Swearengen began her career as a history teacher. Later in life, she followed her passion for elderly care. Intending to improve elderly care, she worked with the Long Term Care Institute from Madison, Wisconsin as part of a team that developed a protocol to assess care in nursing homes all over the state and country.
Although each chapter of her life had been unique, the ongoing theme was the same: The desire to care for and rescue others. Her next chapter? Animal rescue.
“On October 28, 2020, we brought home a tiny Yorkie rescued from a hoarding house of horrors. We spotted her online as a rescue at the veterinarian we utilized and KNEW we had to adopt her. After getting the adoption green-light from Pippa Jackson at the Animal Rescue Fund of MS, we immediately contacted her foster Mom. We arranged to pick her up on that special day. “
“It was a day that our world changed, and we began to experience what we came to know as ‘The Angela Effect.’ As nervous as she was on that first day, she made herself at home after assessing her new surroundings and a new sibling, a rescue chihuahua named Mike Tyson.”
“Angela was estimated to be around 13 years old, so no spring Yorkie. She came to us with an assortment of conditions, each one a considerable challenge.
“She had lost her lower jaw and all of her teeth. She had a ‘crackerjack’ (cataract) on one of her eyes which blinded her; she was heart-worm positive, hard of hearing, and, perhaps most challenging, an assortment of mammary gland tumors all over her little belly, an indication of a life spent producing puppies.”
“She was not troubled at all..fit right in, ate what she was given with gratitude, and became an instant lap dog. But, the best was yet to come.”
“After several nights in her donut bed on the floor next to me, we discovered that Angela could ‘sing.’ Yes! Sing! Between midnight and dawn, we began to hear what sounded like humming and finally learned it was Angela. We began to record her ‘songs’ to prove she sang herself through her troubles. We felt compelled to share her story and wrote a short piece on FaceBook titled ‘The Yorkie Who Sings at Midnight.'”

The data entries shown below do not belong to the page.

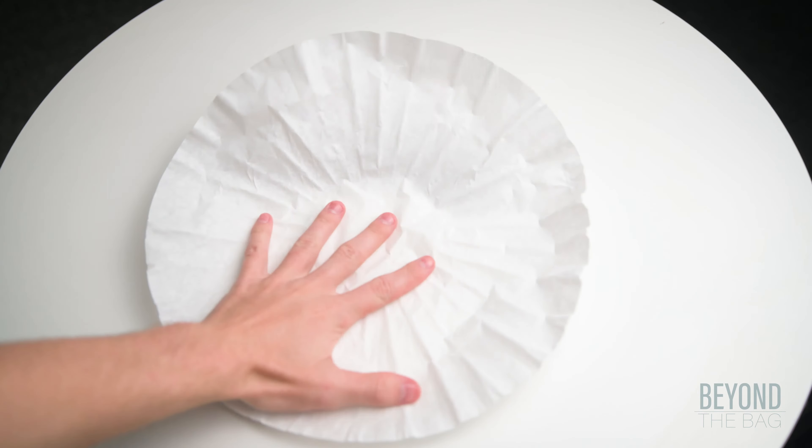For this you are going to need a couple of simple items: a coffee filter, a teaspoon of your favorite loose leaf tea, scissors, and a stapler.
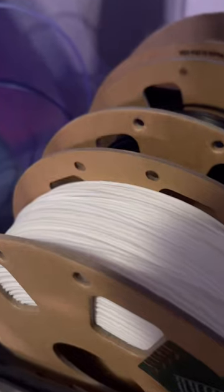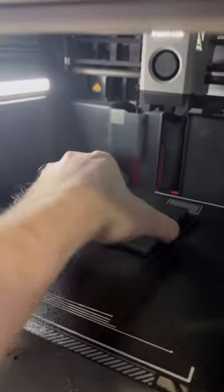Of course I have to print it with a sparkly black filament and some white filament for detail. After just over an hour it's all done, so let's take this off the build plate and check it out.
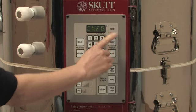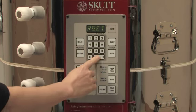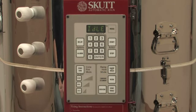To reset your controller, select RSET from the Configurations menu and press Enter. When you press Enter, the controller will automatically reset. Let's do that.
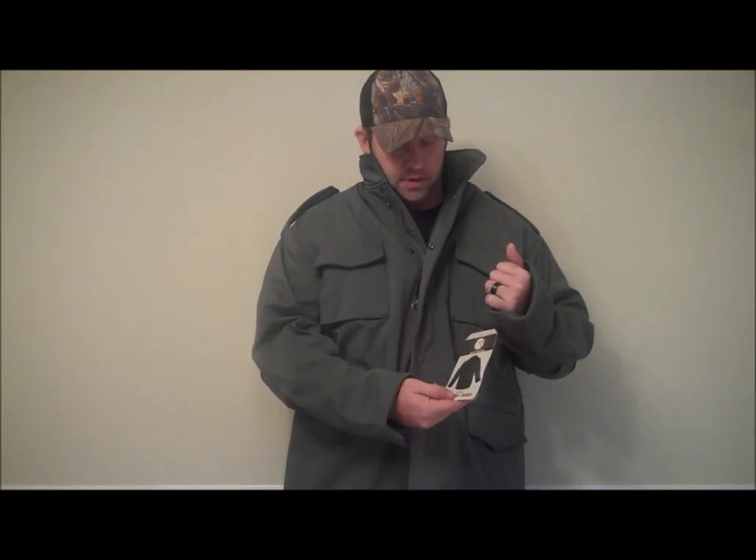What's going on guys? Mark Sanders, Blackout 33. Today I'm going to be going over the Rothko M65 Softshell Jacket. On another video I did, I did another video on the softshell jacket — more of a short cut, tactical style jacket. This is more of a field jacket.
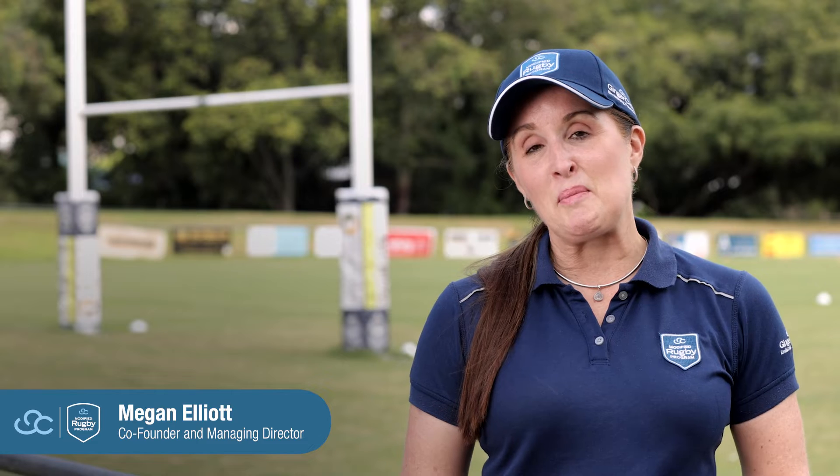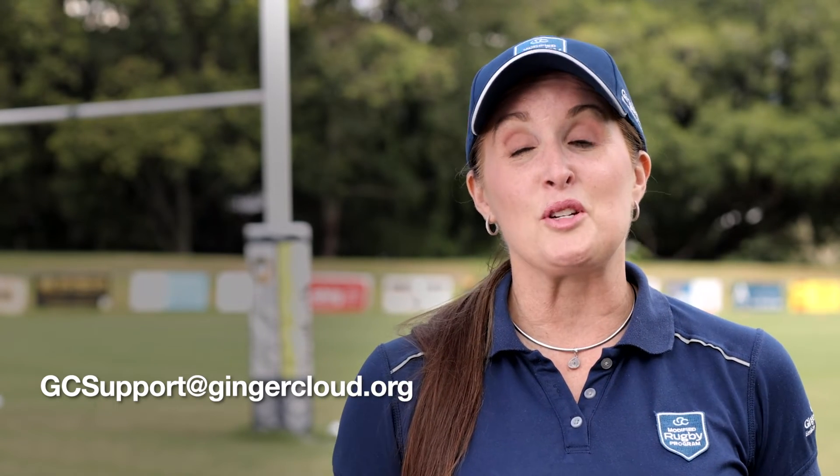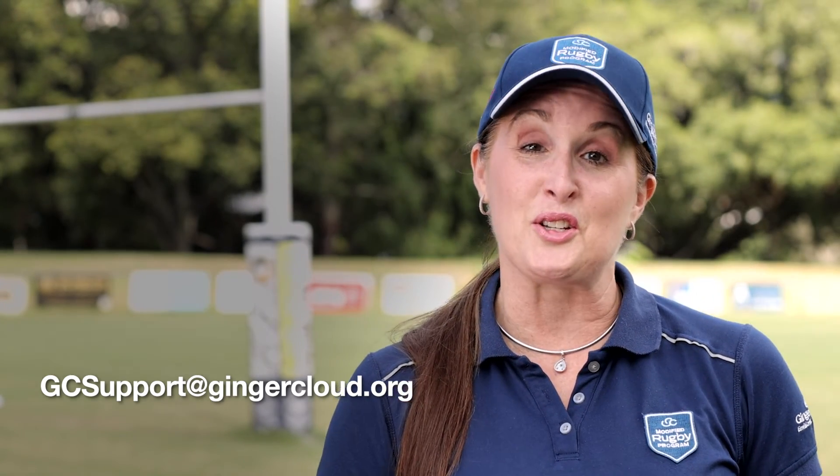When you're new to the Modified Rugby Program, the most important thing is to jump on our website at gingercloud.org and have a look at all of the information about our program, then send an email through to gcsupport@gingercloud.org and register your interest. We'll then forward you an email back with all of the ways that you can get involved with the Modified Rugby Program closest to you.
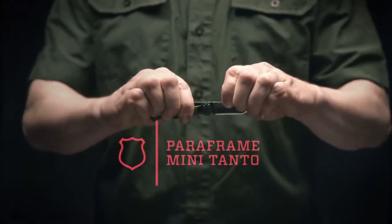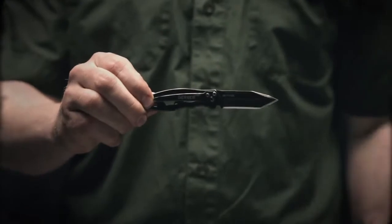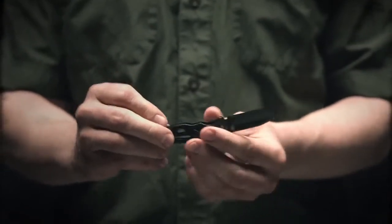This is the Gerber Mini Paraframe Tonto. It's a lightweight folder with a pocket clip on the back, weighing just 1.5 ounces.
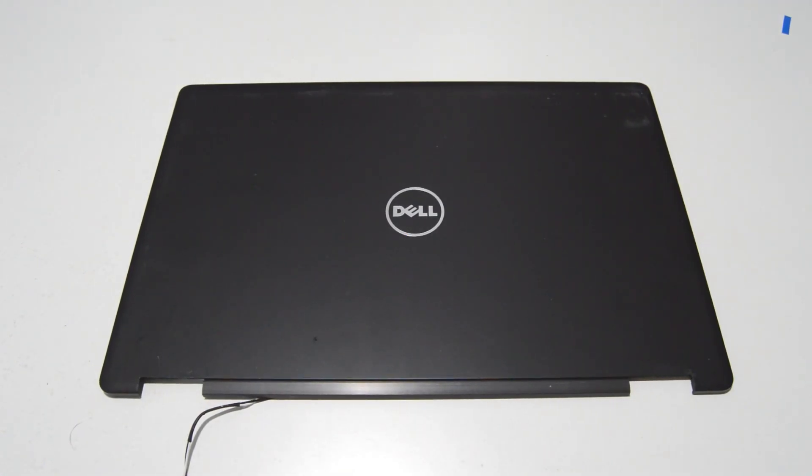So that is how you disassemble a Dell Latitude 5580. If this video helped you or you liked the video, please like and subscribe. Thank you.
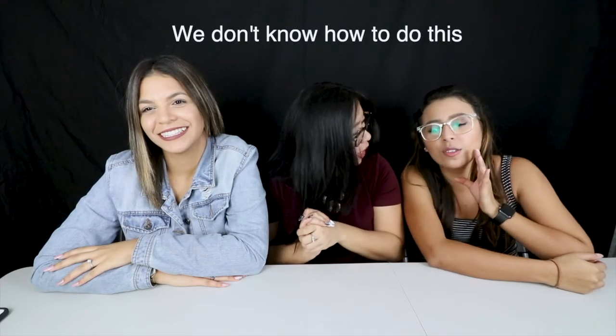Without further ado, Andres, stay tuned for this video. We love you, and this is for you. We don't know how to do this, so... We have no idea what we're doing, but it's fine — we're fine. Wish us luck, guys! So without further ado, let's roll the intro clip.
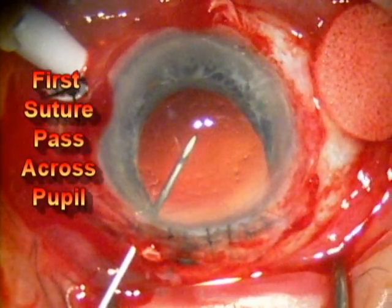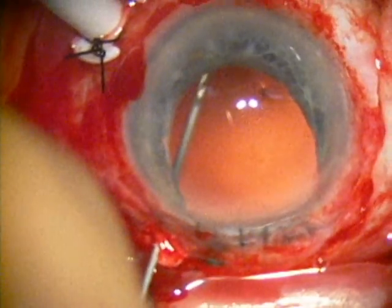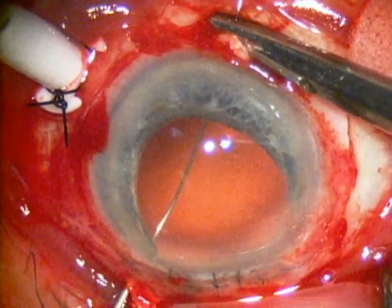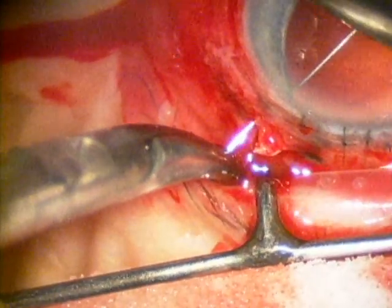On the lower part of the screen, a 27 gauge needle is inserted and then here on the top of the screen, the suture needle is inserted into the eye. The needle is guided across the pupil with the 27 gauge needle and a fair amount of pressure is placed on the globe so the tip of the needle comes out the other side of the eye and can be grasped.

Encouraged by friends and family, Swearengen wrote her first book at 75. With a passion for rescuing people her whole life, this book had been waiting to be written. What started as a Facebook post eventually became a book by the same name.
The Yorkie Who Sings at Midnight is beautifully illustrated by high school sophomore Kalyb James of Madison. Kalyb’s work on the book earned him a Scholastic Gold Star and Congressional Recognition.
“Known as ‘Team Janngela’ we began to speak and read from our book, with Angela in tow, at local nursing homes and assisted living facilities.” The residents adored her, and she adored bringing them her sweet and loving nature. As Angela’s story unfolded, describing her years of mistreatment, poor to no care, and little attention, it became clear that Angela’s capacity to turn bad into good became apparent. She had no ill will toward anyone and provided living proof of reconciliation, kindness, and a caring soul (in her foster home, she would not eat until she ensured all her fellow fosters had their meals). She was a pure example of “Do Unto Others’.”
The Angela Effect not only embodies the spirit of animal rescue, but it also exemplifies the importance of caring for others.
Angela passed away from cancer last year, but her legacy lives on through Swearengen’s book. She and her family named her Angela because they considered her an angel.
“One of the book’s chapters is titled ‘To Love Forward,’ which captures Angela’s capacity of reconciliation to be positive no matter what. We hope everyone finds that same joy in reading all about her and feeling ‘The Angela Effect.’